# Will any hydraulic fluid work for my Boss snow plow?



## 90pioneer

I have a brand new Boss Power V plow. While messing around with it today it was chattering. I read that this can be caused by low hydraulic fluid.

I checked the fill port elbow thing and I could not see any fluid. So I guess they didn't fill it all the way up.

I will need to use the plow in the morning and the Boss plow dealer is closed today.
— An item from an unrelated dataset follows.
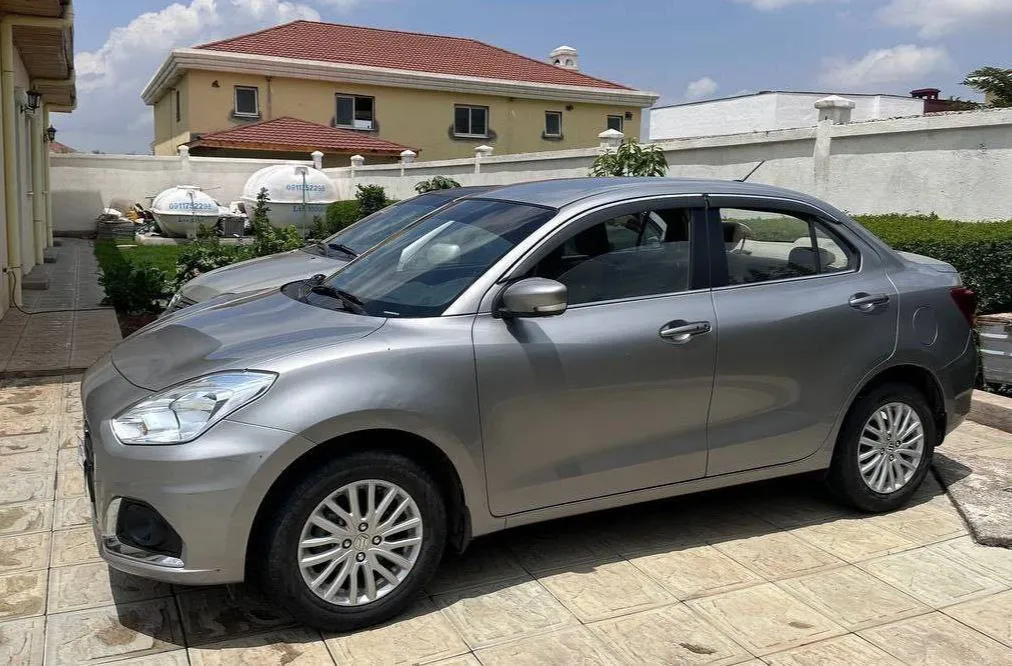 Suzuki Dzire 2022 Automatic – photo 3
Does it matter if the hydraulic fluid I use is not Boss specific? There is a Fisher plow dealer I could probably get some fluid from tonight.


----------



## grandview

if you can't get the Boss fluid you can use Western or Meyer or Buyers low temp hydraulic fluids


----------



## 90pioneer

So the fluid the fisher dealer has probably won't work?


----------



## goel

You can also use transmission fluid.

Lots here will botch and moan at me, but i have done it before without problems and actually carry 1L bottles in every truck.


----------



## superdog1

goel;1339562 said:


> You can also use transmission fluid.
> 
> .


If you do this in a Meyer pump, it voids the warranty doesn't it? I am sure it works but.......


----------



## BossPlow2010

goel;1339562 said:


> You can also use transmission fluid.
> 
> Lots here will botch and moan at me, but i have done it before without problems and actually carry 1L bottles in every truck.
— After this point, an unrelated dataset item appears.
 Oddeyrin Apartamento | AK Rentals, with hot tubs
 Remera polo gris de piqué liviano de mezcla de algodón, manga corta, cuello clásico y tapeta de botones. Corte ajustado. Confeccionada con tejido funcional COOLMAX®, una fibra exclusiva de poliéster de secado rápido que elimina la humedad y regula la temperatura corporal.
Yes you can because the viscosity is relatively the same.
You sir get a gold star for such a good answer.


----------



## B&B

BossPlow2010;1340136 said:


> Yes you can because the viscosity is relatively the same.


Not at low temperatures it isn't. ATF is up to 11 time thicker than dedicated plow fluid (or fluids meeting the same specs as such) thus increasing amp draw on the electricals both on the plow and truck side. We've fixed many issues over the years simply because the owner was running ATF. On the Boss's specifically it's normally related to wing relief issues. Thicker fluid simply doesn't work as intended with them and they believe it's a problem in the hydro manifold when in actuality it's the fluid.
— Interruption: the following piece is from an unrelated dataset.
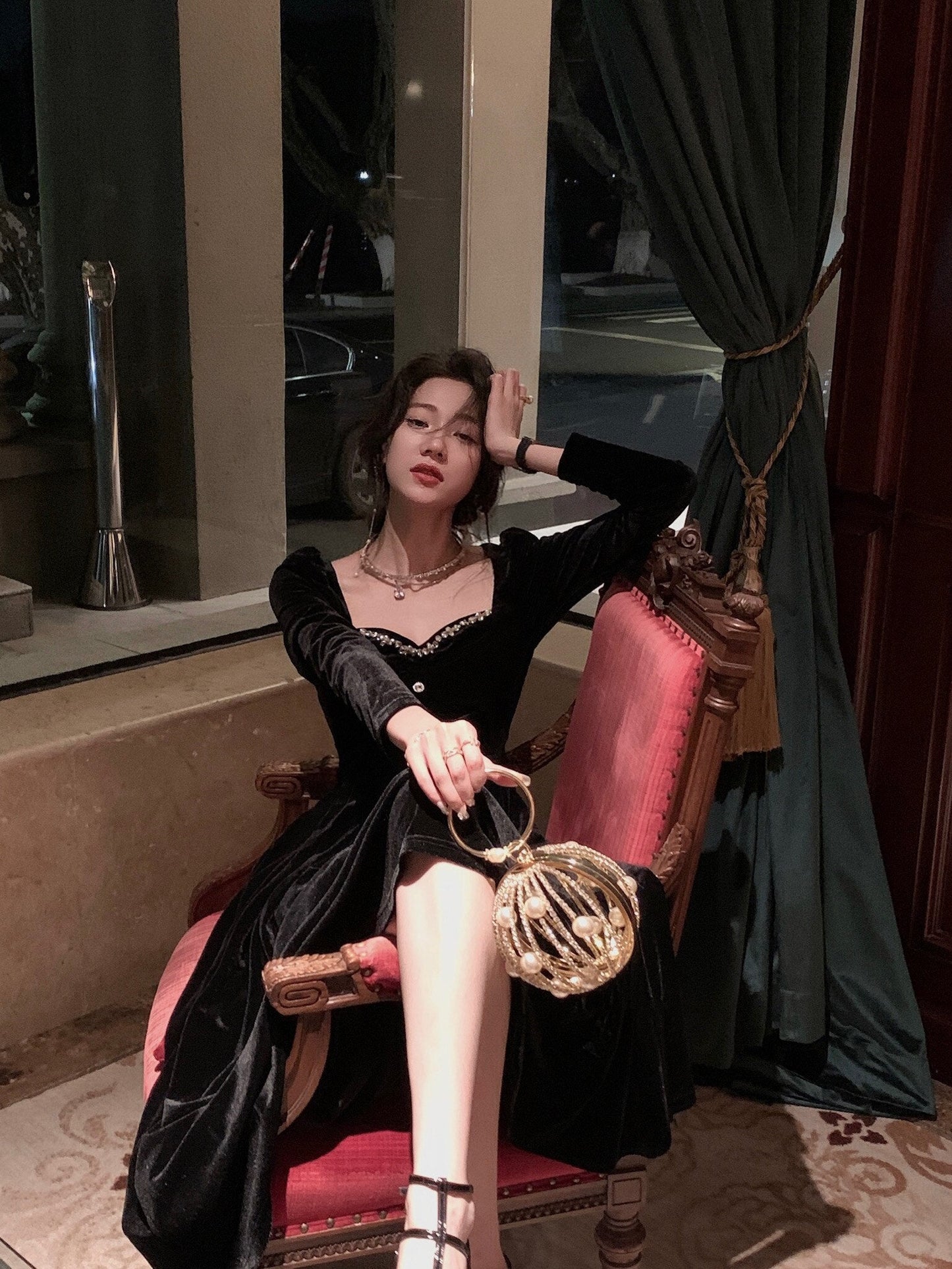 Summer New Elegant Spaghetti Strap Velvet Vintage Black Dress Women Sexy Prom Evening Party Fashion Clothing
Guys will spend $6000 on a piece of equipment and then run it on $3 qt fluid...to save $14.


----------



## goel

OP was in a pinch.

If you do not have/carry hydraulic fluid you can find ATF at a gas station in the middle of the night.

If it gets you thru the night, then the long term fix it later.


----------



## Eddie cunningham

The Simple Solution is carrying a couple quarts in every truck of whatever brand your pump calls for. It's that simple. If you're running low go grab another case because you know you're going to do your own flush. If you don't have any and you ran out and you know the store is closed, no disrespect intended, to me that is not staying on top of your business. After every round I make sure everything is fine and if not it gets fixed the right way. That's why we carry back up plows also. Yes I know a lot of people cannot afford them but if you're in this business you should at least have to Reliable trucks with the same plow receivers. Just my opinion, 28 years in this business as I know many of you have been doing it almost just as long and longer . carry fluid and hoses & spring


----------



## superdog1

Eddie, I see you are new to plow site and welcome! It is a good idea to check the start date of these threads and the last time a post was made. While I agree with your post 100%, this thread has been dead since 11/6/11 Lol


----------



## Eddie cunningham

superdog1 said:


> Eddie, I see you are new to plow site and welcome! It is a good idea to check the start date of these threads and the last time a post was made. While I agree with your post 100%, this thread has been dead since 11/6/11 Lol


LOL thanks for pointing that out LOL... Yes I am new to this site. Being as old as it is it was still a little helpful. Still would never put ATF in my plows, where do you find current threads? Greatly appreciated in advance


----------



## Randall Ave

Hit menu, then recent or new posts.


----------



## Eddie cunningham

Randall Ave said:


> Hit menu, then recent or new posts.


Thanks randall!


----------



## theplowmeister

Its alive now

I use Fisher low temp fluid in all my plows (Fisher, Boss< meyer)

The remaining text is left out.